(Short web captions)
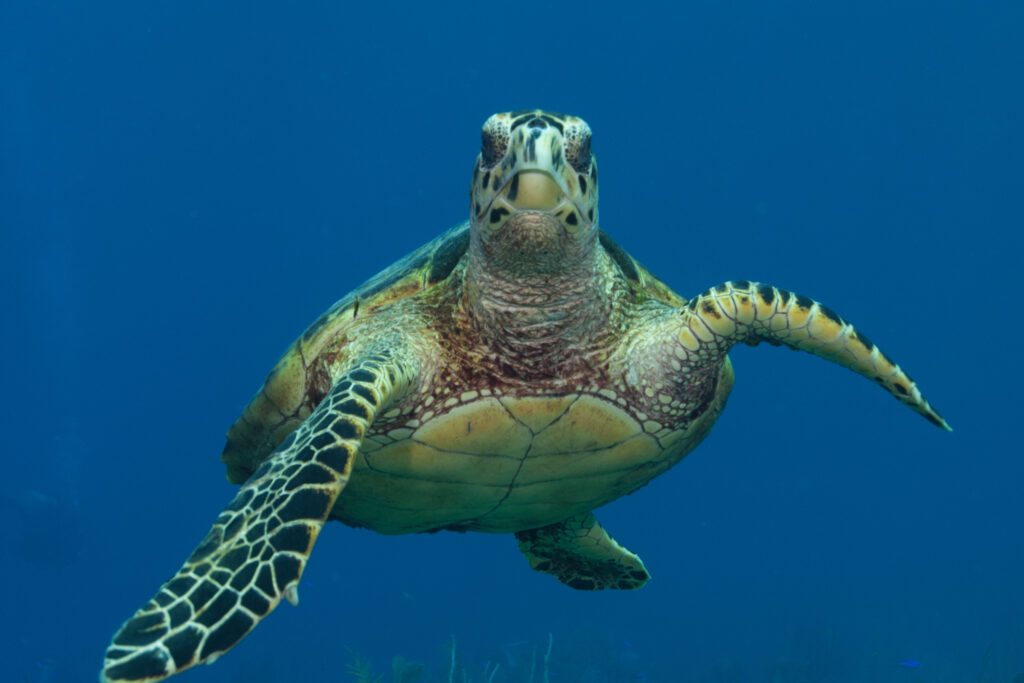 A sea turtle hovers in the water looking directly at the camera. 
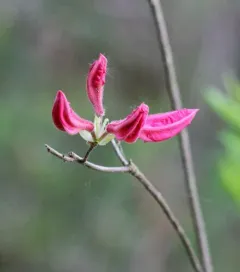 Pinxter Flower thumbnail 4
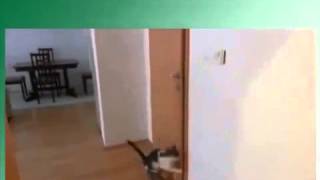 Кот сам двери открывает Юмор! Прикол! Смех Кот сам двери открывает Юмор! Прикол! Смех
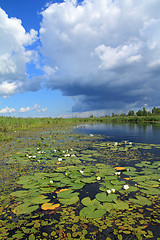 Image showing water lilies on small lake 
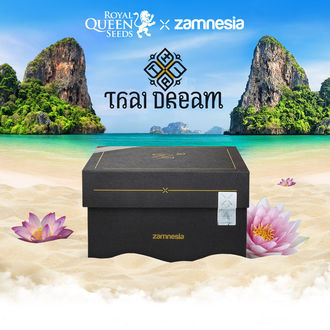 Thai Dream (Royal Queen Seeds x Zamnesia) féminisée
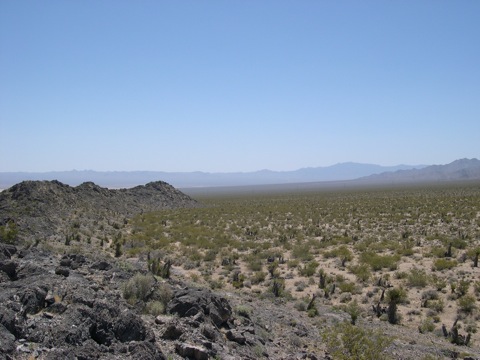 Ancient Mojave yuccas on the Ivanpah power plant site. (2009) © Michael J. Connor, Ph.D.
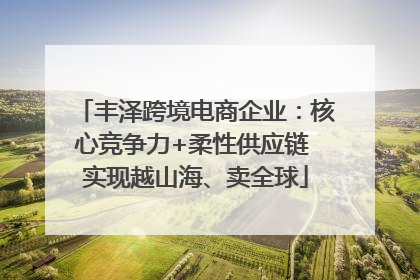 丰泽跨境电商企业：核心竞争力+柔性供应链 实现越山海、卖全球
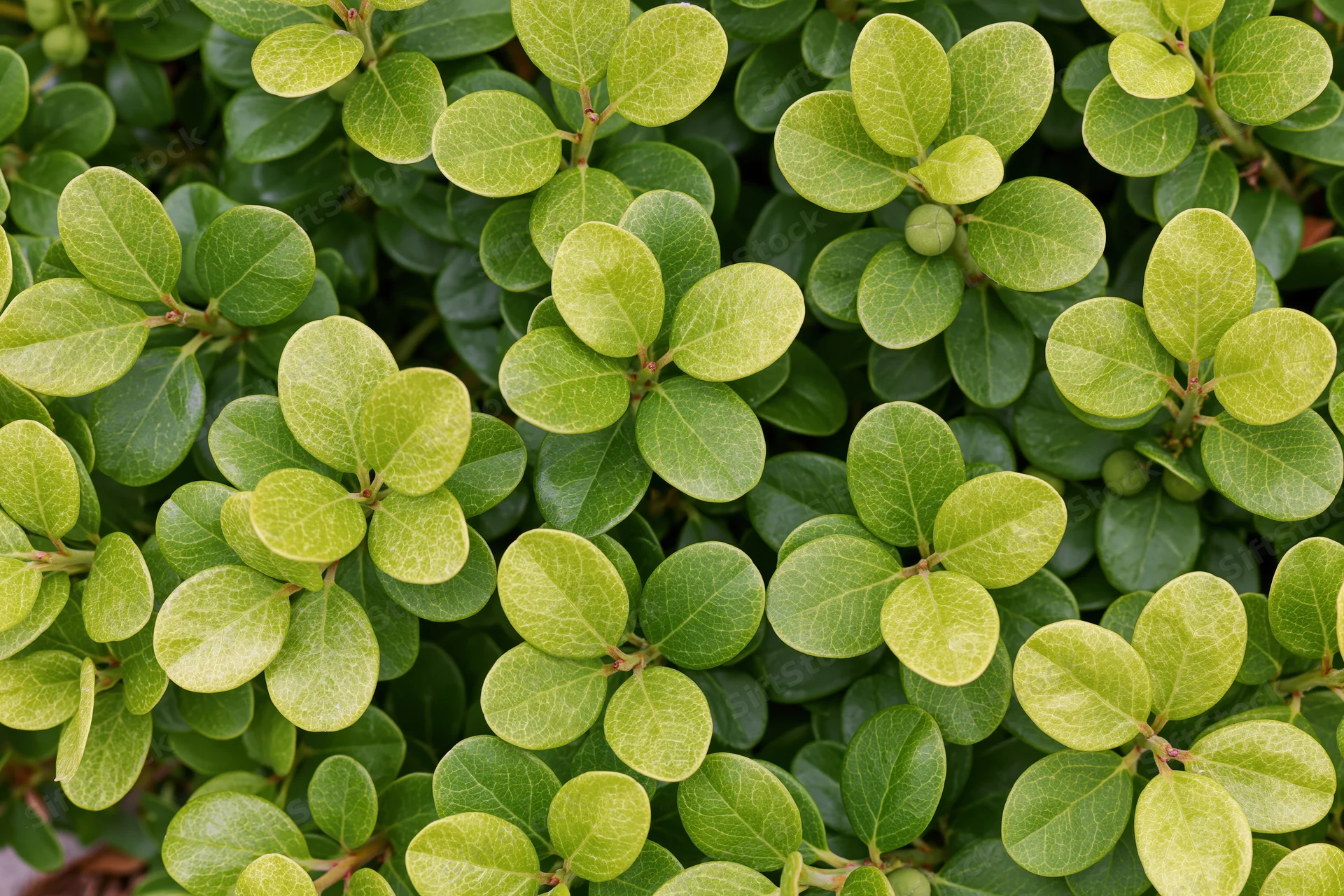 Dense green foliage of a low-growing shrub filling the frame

(Exercise prompt) Quote the preceding records in their entirety, excluding every picture.

(Worked solution)
 A sea turtle hovers in the water looking directly at the camera. 
 Pinxter Flower thumbnail 4
 Кот сам двери открывает Юмор! Прикол! Смех Кот сам двери открывает Юмор! Прикол! Смех
 Image showing water lilies on small lake 
 Thai Dream (Royal Queen Seeds x Zamnesia) féminisée
 Ancient Mojave yuccas on the Ivanpah power plant site. (2009) © Michael J. Connor, Ph.D.
 丰泽跨境电商企业：核心竞争力+柔性供应链 实现越山海、卖全球
 Dense green foliage of a low-growing shrub filling the frame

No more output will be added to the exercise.